— Tout de bon ?

— Tout de bon ! Le vieux maréchal, plus rat qu’il n’est permis, lui a interdit de « rechercher une fille sans dot ». Après quoi, comme il s’obstinait, il lui a coupé les vivres ! Voilà de l’amour, ma chère !

— Mon Dieu ! Mais comment va-t-il pouvoir subsister ? Et je ne parle même pas de tenir son rang !

— Monsieur le Duc y a pourvu en assurant que son ami n’aurait aucune peine à lui rendre tout cela quand son auguste père serait passé de vie à trépas. Gaspard étant son unique héritier, il ne peut qu’essayer de durer aussi longtemps que possible en espérant qu’à la longue Gaspard finira par accepter la riche héritière – Mlle de La Force ! – qu’il souhaitait pour belle-fille.

— Notre mère a-t-elle eu écho de cette histoire ?

— Bien sûr et, comme elle se sent humiliée, elle a déclaré que, même si Châtillon donnait son autorisation, elle refuserait.

La déception suivant de si près une belle joie coupa les jambes d’Isabelle qui se laissa tomber sur son siège, au bord des larmes.

— Pauvre Gaspard ! Avoir consenti un si lourd sacrifice pour rien ! J’aurais pu être heureuse avec lui ! Mais que ce dernier coup vienne de notre mère, c’est le plus insupportable.
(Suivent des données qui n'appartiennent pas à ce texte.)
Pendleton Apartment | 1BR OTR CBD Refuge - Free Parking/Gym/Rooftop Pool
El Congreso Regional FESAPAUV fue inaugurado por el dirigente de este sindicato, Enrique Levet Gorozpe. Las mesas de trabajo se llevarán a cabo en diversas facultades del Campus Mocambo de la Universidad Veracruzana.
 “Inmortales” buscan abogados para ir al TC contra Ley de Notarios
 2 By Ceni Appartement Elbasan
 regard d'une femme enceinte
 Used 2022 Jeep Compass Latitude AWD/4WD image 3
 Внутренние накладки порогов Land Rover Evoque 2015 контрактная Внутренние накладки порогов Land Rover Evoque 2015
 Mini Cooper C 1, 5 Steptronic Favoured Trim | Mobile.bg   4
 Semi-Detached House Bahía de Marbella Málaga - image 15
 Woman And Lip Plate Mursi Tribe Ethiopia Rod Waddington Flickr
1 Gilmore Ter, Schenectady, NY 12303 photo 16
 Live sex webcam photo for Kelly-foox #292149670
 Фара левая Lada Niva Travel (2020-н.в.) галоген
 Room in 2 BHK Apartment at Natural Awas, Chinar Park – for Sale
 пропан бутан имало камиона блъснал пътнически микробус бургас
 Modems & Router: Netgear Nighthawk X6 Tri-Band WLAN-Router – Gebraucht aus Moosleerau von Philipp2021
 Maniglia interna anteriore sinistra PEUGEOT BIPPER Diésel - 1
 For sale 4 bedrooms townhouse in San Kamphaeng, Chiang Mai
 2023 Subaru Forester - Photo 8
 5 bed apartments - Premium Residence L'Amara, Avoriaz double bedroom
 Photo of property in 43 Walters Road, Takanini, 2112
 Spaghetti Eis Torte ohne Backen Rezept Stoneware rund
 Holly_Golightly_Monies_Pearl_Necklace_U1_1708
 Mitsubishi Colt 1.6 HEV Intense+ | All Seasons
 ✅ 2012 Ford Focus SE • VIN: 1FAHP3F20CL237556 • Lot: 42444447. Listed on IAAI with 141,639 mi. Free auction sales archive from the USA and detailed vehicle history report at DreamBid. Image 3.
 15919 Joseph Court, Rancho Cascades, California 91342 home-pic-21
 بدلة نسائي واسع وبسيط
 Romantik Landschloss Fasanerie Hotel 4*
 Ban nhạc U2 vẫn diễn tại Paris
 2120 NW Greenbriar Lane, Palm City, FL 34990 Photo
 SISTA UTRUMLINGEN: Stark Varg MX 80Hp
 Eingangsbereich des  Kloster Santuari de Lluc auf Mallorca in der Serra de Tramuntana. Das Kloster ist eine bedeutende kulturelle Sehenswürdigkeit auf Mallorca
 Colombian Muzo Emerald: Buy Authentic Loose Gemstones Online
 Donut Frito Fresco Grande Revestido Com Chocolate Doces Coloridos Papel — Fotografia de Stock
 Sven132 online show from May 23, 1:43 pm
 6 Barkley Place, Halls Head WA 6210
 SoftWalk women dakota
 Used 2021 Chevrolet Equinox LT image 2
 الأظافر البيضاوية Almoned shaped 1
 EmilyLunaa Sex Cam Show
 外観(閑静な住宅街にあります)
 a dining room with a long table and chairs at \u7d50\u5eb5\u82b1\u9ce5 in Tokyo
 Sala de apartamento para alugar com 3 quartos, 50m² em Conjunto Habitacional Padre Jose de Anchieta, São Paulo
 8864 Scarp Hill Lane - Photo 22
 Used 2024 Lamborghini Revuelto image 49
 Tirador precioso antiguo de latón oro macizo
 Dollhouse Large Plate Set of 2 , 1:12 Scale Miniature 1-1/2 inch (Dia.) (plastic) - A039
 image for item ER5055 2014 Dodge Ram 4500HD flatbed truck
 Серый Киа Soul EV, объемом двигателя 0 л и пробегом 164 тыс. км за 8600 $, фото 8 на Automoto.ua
Gaspard a fait ce que nous voulions toutes les deux, et ce n’était pas facile ! Alors pourquoi veut-elle s’opposer à notre bonheur ?

— On ne peut pas lui donner tout à fait tort ! Vous savez sa fierté, et qu’une Montmorency se voie dédaigner de la sorte lui est insupportable ! Mais ne désespérez pas, Isabelle ! Nous sommes quelques-uns qui travaillons pour vous !

Il était écrit cependant que, ce jour-là, le mauvais sort s’acharnerait sur son joli roman. Et par la bouche de Mme de Longueville, en outre, ce qui rendait l’égratignure encore plus cuisante !

Venue souper chez sa mère, Anne-Geneviève, qui bavardait à bâtons rompus, lâcha soudain :

— La conversion de M. de Coligny est le grand événement chez les cancanières de la place Royale comme dans les salons. On connaîtrait le fin mot, d’un racontar, peut-être, mais qui a surpris tant de monde. Ce serait Marion de Lorme, que notre héros voit toujours beaucoup, qui aurait obtenu ce résultat ! Incroyable, n’est-ce pas ? fit-elle en adressant à Isabelle, devenue soudain blême, un sourire narquois.

Un silence suivit. Déjà, la jeune fille se levait et, priant Madame la Princesse de bien vouloir l’excuser, elle quitta la table si vite qu’elle eut juste le temps d’entendre Charlotte de Condé protester avec indignation :

— Je sais que vous n’aimez pas les plaisirs innocents, ma fille, mais j’ignorais que vous goûtiez la cruauté gratuite.

Pour ces quelques mots, elle sut qu’elle aimerait toujours sa princesse.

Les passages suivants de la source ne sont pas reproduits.